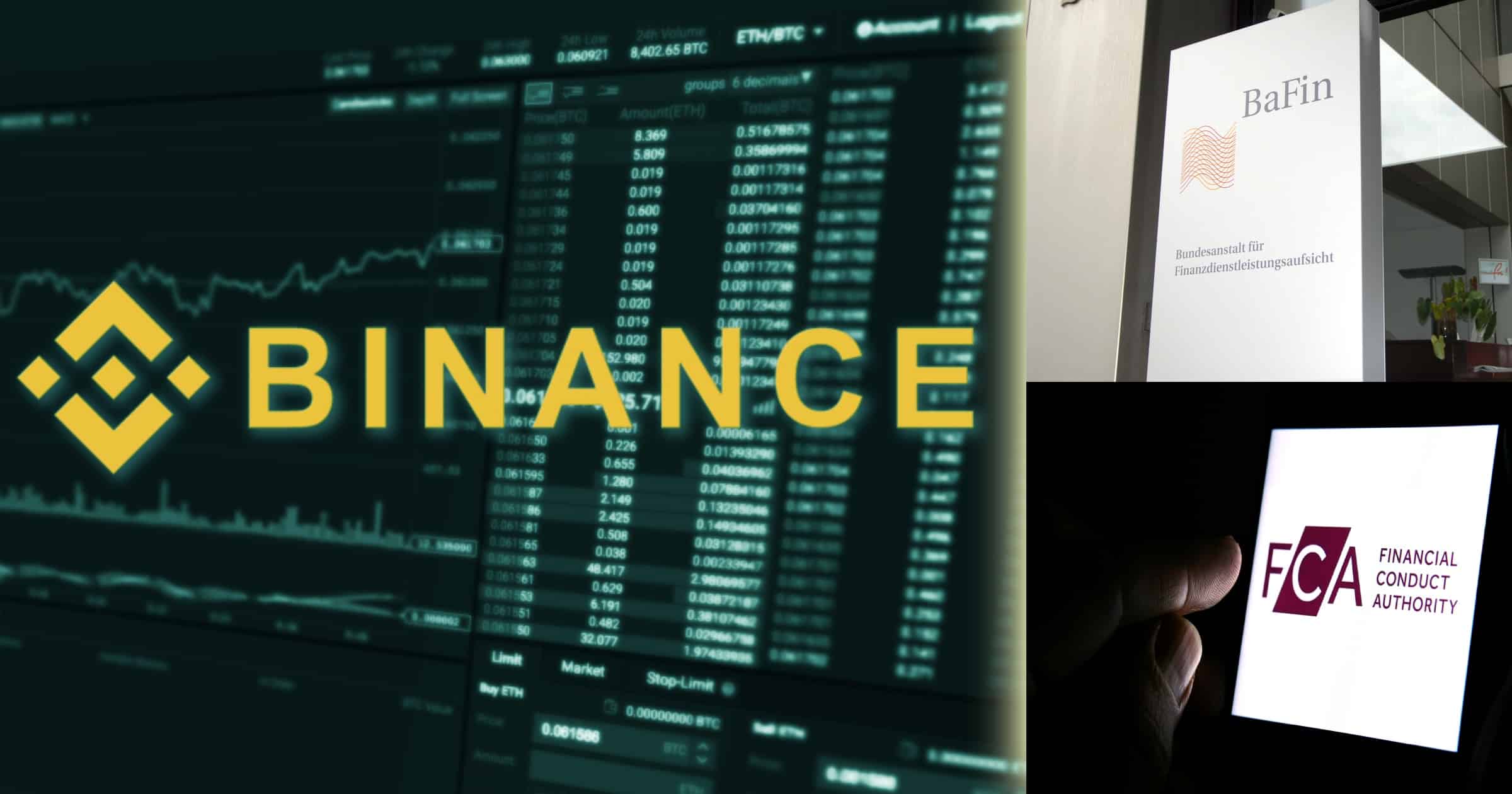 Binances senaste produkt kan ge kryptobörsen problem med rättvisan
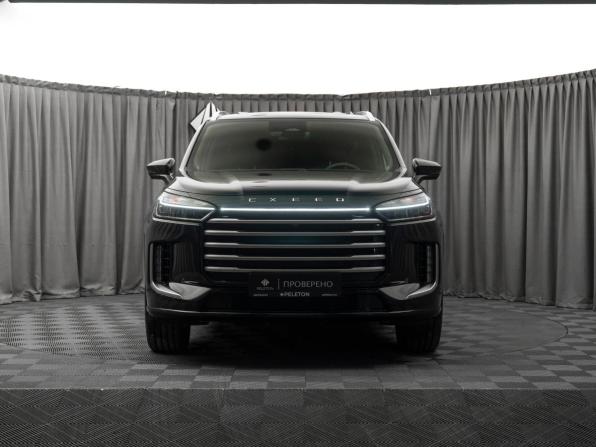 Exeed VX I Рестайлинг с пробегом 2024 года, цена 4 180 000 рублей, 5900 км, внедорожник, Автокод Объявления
...
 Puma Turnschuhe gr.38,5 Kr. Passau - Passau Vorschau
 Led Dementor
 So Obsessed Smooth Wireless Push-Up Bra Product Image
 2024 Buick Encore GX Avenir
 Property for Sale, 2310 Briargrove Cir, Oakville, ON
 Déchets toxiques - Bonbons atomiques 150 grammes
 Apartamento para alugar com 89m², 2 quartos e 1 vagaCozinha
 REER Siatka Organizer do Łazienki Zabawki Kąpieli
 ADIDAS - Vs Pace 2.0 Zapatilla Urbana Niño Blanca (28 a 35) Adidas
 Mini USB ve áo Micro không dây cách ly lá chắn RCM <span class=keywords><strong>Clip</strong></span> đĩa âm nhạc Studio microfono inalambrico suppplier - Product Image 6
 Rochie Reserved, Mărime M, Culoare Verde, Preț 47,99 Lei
* * *
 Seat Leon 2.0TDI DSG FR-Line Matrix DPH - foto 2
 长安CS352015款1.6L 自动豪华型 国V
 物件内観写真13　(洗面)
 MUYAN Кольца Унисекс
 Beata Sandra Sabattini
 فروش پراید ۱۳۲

◆ Task item
Only the lines above from the one with "ADIDAS - Vs" up to and including the one with "Rochie Reserved, Mărime" should be repeated, exactly as written.

◆ Response to the task
 ADIDAS - Vs Pace 2.0 Zapatilla Urbana Niño Blanca (28 a 35) Adidas
 Mini USB ve áo Micro không dây cách ly lá chắn RCM <span class=keywords><strong>Clip</strong></span> đĩa âm nhạc Studio microfono inalambrico suppplier - Product Image 6
 Rochie Reserved, Mărime M, Culoare Verde, Preț 47,99 Lei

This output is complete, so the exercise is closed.